There’s only a small dent in road department salt and sand mountains. Between not having to purchase much road salt and sand and few, if any, overtime call-outs, communities and counties are saving money.

But community and county officials say a major snowstorm or freezing rain could   change all of that in a hurry. The snow that fell Monday and Tuesday is an indication that the money saved in November and December can be easily used up in January and February, they say.

“It’s way too early to count your chickens,” said Columbiana County Engineer Bert Dawson, who’s held that job for 38 years. “It’s not spring yet. The robins aren’t chirping. So far, it’s been the best winter that I can recollect as far as snow, and that’s helped us save a lot of money on overtime.”
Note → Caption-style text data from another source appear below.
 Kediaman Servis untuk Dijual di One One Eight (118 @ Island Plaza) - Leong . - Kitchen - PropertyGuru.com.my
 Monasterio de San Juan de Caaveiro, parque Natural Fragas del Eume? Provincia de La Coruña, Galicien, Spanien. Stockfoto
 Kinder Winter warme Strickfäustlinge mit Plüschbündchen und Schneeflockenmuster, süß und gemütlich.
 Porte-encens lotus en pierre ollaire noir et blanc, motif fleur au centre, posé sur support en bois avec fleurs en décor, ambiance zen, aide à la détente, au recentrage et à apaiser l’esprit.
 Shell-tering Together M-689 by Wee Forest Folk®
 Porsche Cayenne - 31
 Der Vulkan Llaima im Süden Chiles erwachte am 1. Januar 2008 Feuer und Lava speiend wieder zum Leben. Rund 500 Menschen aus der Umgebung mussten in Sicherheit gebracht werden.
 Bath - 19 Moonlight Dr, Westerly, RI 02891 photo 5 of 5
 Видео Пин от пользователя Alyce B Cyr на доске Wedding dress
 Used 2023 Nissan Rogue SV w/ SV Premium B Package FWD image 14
The county has used a minimal amount of salt and sand this winter, he said. A typical “full-blown evening call-out” costs the county about $25,000, Dawson said. There’s been only one of those this winter season, he said.
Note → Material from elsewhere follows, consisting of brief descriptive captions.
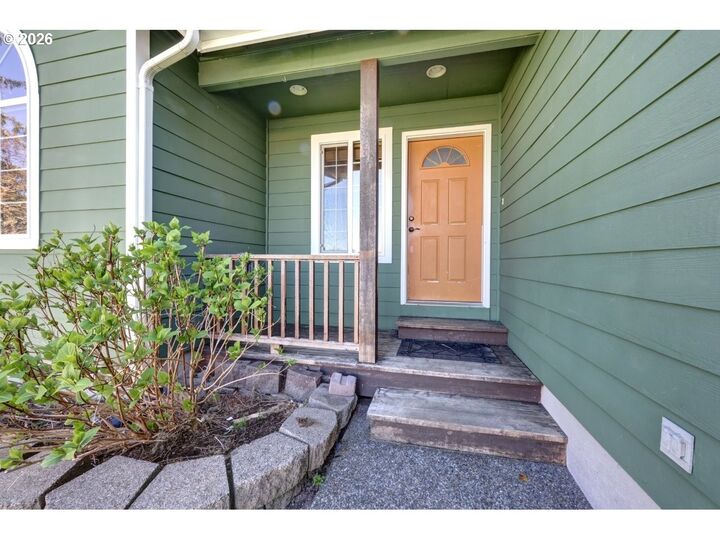 Property Photo:  682 NW 9th St  OR 97146 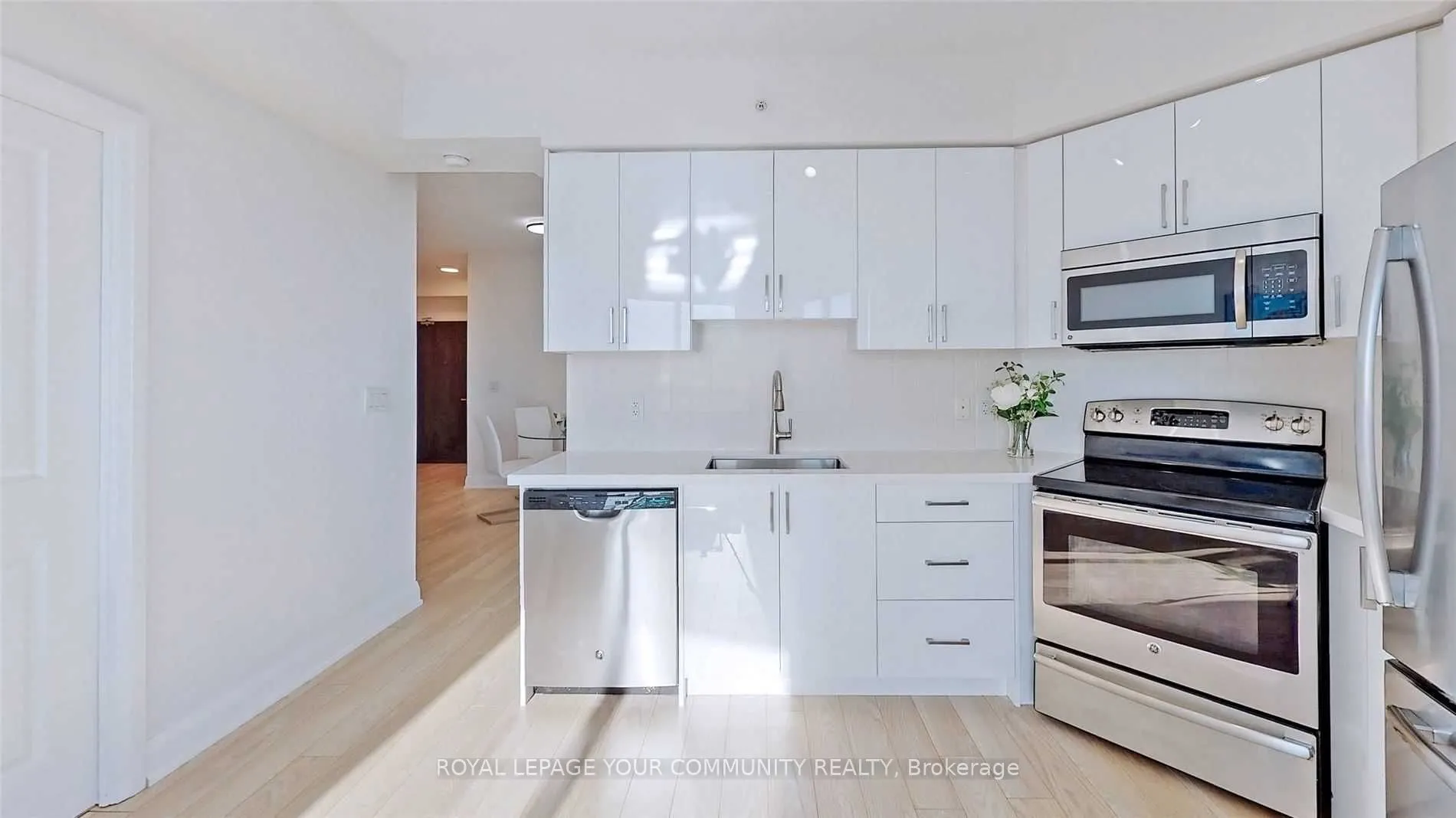 7161 Yonge Street, #2426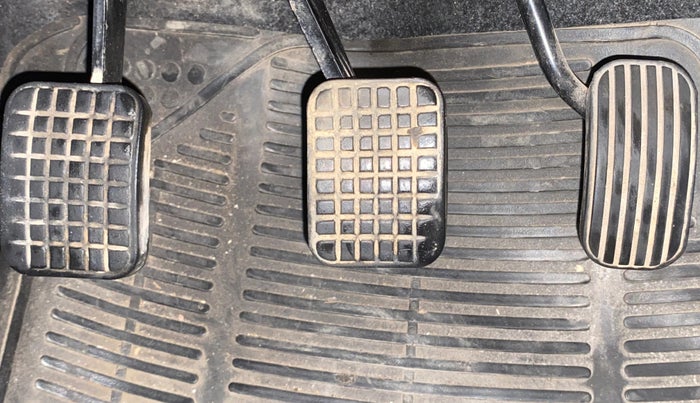 2016 Tata Tiago XZ PETROL, Petrol, Manual, 22,545 km, Pedals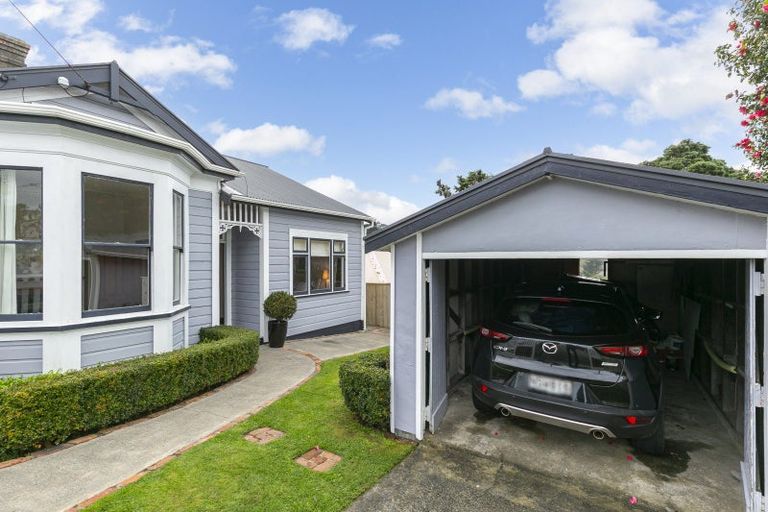 Photo of property in 2 Chatham Street, Berhampore, Wellington, 6023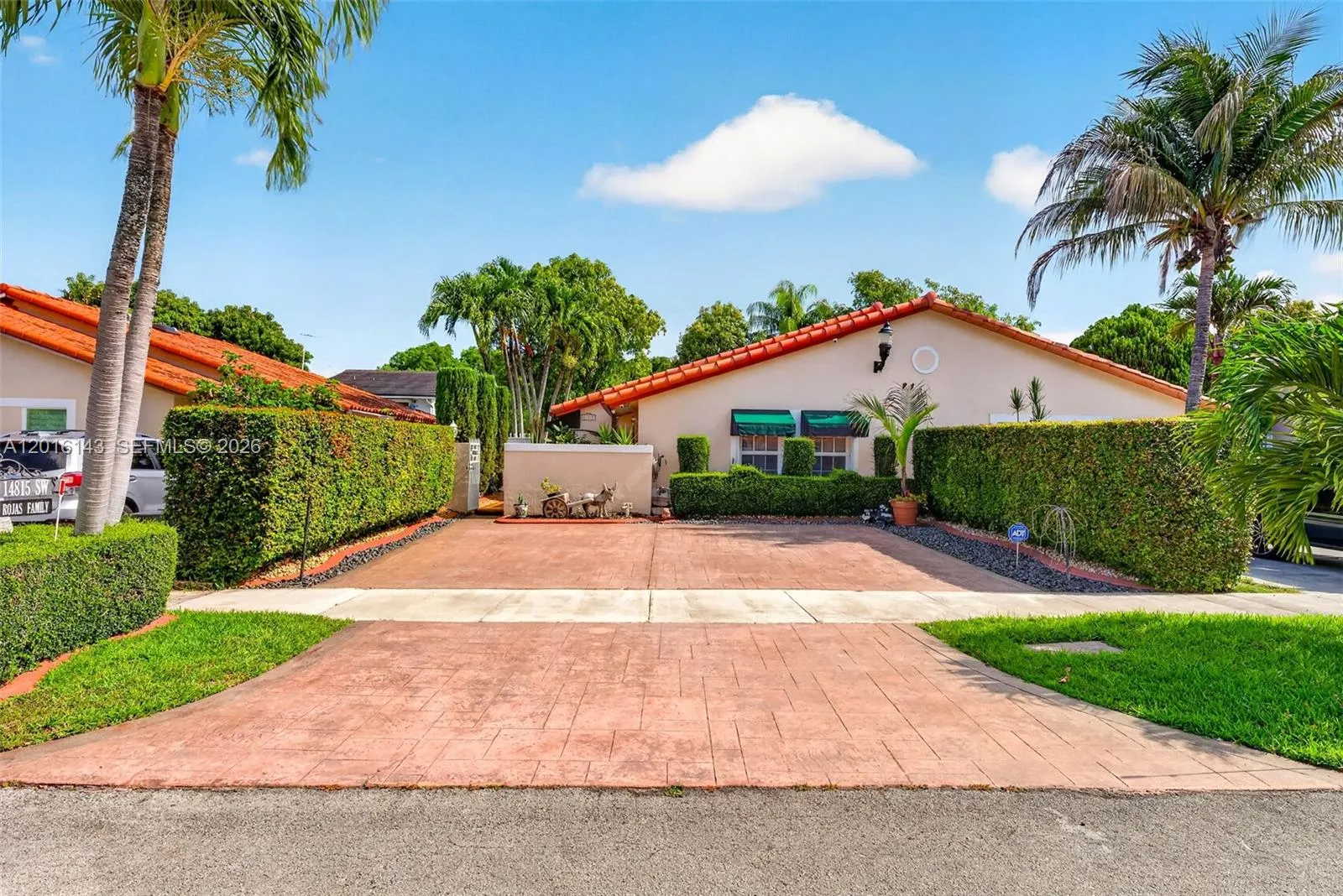 Vendido 14815 SW 81st Street B, Miami, FL 33193, Miami, FL 33193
Mahoning County usually uses 4,000 to 7,000 tons of salt-sand during the last two months of a year, said Richard Marsico, its engineer. The county used 700 tons this past November and December, he said.

Road salt-sand costs about $37 to $39 a ton.

In the county’s case, it spent about $10,000 this past November and December when it typically spends about $150,000 to $275,000 on salt-sand.

Overtime at the Mahoning County engineer’s office for the final two months of 2005 was $235,000 compared with $70,000 for this past November and December, Marsico said.

With snow removal not needed, county engineer employees are making culvert repairs.

In Youngstown, the story is similar.

The city uses more than 10,000 tons of road salt and sand during a typical winter, said Joseph Mastropietro, its street superintendent. It’s used less than 1,000 tons this winter season, he said.

“We have virtually no overtime except for an emergency situation on one weekend,” he said. “We have a salt dome that holds 4,000 tons, and it’s full.”

Instead of plowing and dropping salt and sand, city street workers are spending their days patching and cleaning city roads, Mastropietro said.

Boardman Road Superintendent Larry Wilson said the township has saved about $47,400 so far this year because of the mild weather.

Between the first call-out of road crews, Nov. 5, 2006, and the most recent call-out, Dec. 8, 2006, the township has spent $20,583 in labor and material costs.

For the previous season, the township spent $68,016 between the first call-out, Nov. 23, 2005, and the last call-out, Jan. 6, 2006.

Workers at the Trumbull County engineer’s office cleared snow from roads only twice this winter season, with today being one of those days, said Rocky Riviella, the county engineer’s controller. The job was relatively light, he said.

The county used 300 tons of salt-sand in the final two months of 2006, though it traditionally uses 1,000 to 2,000 tons during that time frame. The county saved money on materials and overtime, said county engineer John Latell. Although the amount isn’t known, it’s more than $100,000, Latell and other engineer office officials estimate.

Warren has used about 300 tons of salt-sand this winter, said Frank Tempesta, the city’s director of operations. The city typically uses about 3,500 tons during the winter from October to March, he said.

“I buy it 1,000 tons at a time, and it costs about $39 a ton,” he said. “Most of it is sitting in the storage area.”

The city has saved a lot of money on overtime, said Tempesta, who couldn’t give a specific figure.

“But it’s been a huge savings,” he said. “Some of these guys call snow ‘pennies from heaven.’ For them, it’s not been too good, but it’s been a benefit to the city.”

Hermitage, Pa., spent $5,200 this past November and December for winter call-out costs for workers, compared with $22,300 during those two months in 2005. Also, the cost of road salt was $16,900 during the last two months of 2006, compared with $44,800 in November and December 2005.

But the higher temperatures this winter won’t affect how Hermitage budgets snow removal costs. Hermitage officials generally take an average from the past five years and budgets for winter costs, City Manager Gary Hinkson said.

“The occasional light winter, we take that as a bonus,” he said.

New Castle, Pa., spent $134,000 on road salt in December 2005 and $45,161 this past December. The city didn’t provide overtime costs for its maintenance department.

Vindy staff writers Laure Cioffi and Denise Dick contributed to this report.